§ YOUR ASSIGNMENT:
Below is a block of entries; repeat exactly the lines starting at the line that contains "Robert Plant y Alison Krauss - Raising Sand" and ending at the line that contains "FN USA Reflex", both included.

§ DATA:

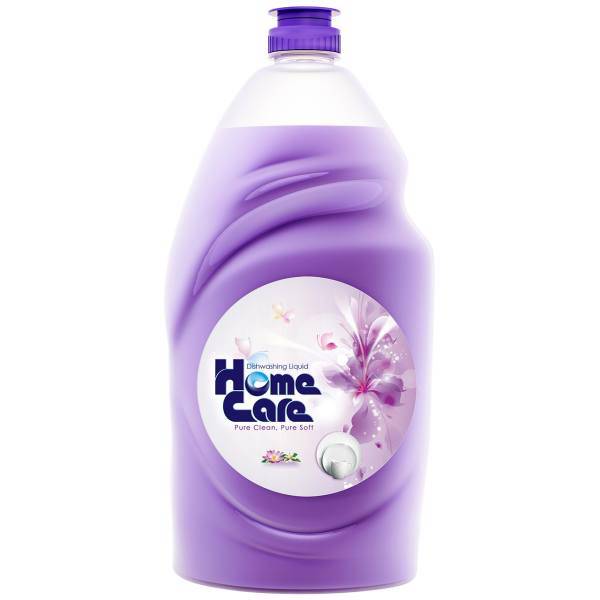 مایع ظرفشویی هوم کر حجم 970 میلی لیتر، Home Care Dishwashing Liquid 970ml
--
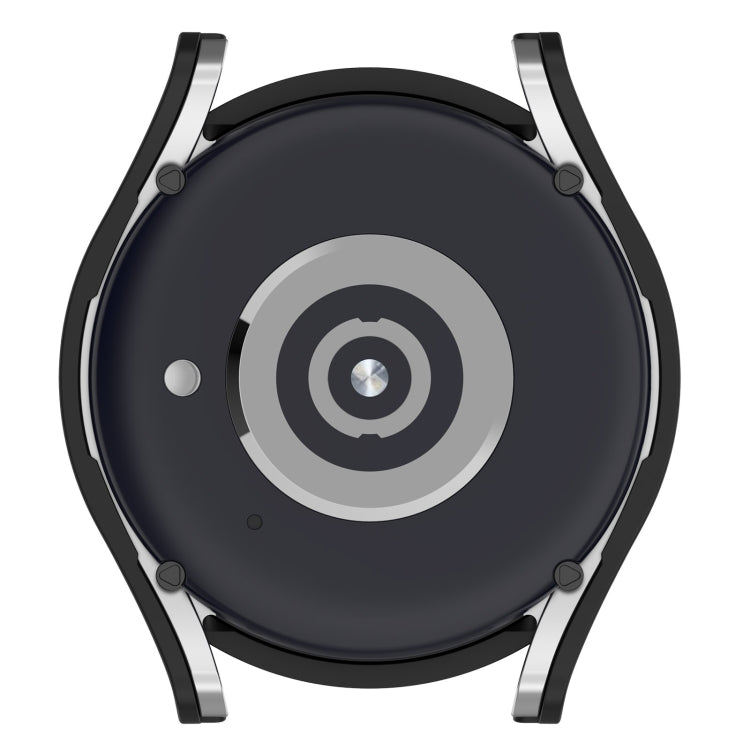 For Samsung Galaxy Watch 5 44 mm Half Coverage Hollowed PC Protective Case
...
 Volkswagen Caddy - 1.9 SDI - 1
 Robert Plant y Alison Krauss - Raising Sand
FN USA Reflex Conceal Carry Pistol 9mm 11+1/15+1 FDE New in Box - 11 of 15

§ RESULT OF THE TASK:
 Robert Plant y Alison Krauss - Raising Sand
FN USA Reflex Conceal Carry Pistol 9mm 11+1/15+1 FDE New in Box - 11 of 15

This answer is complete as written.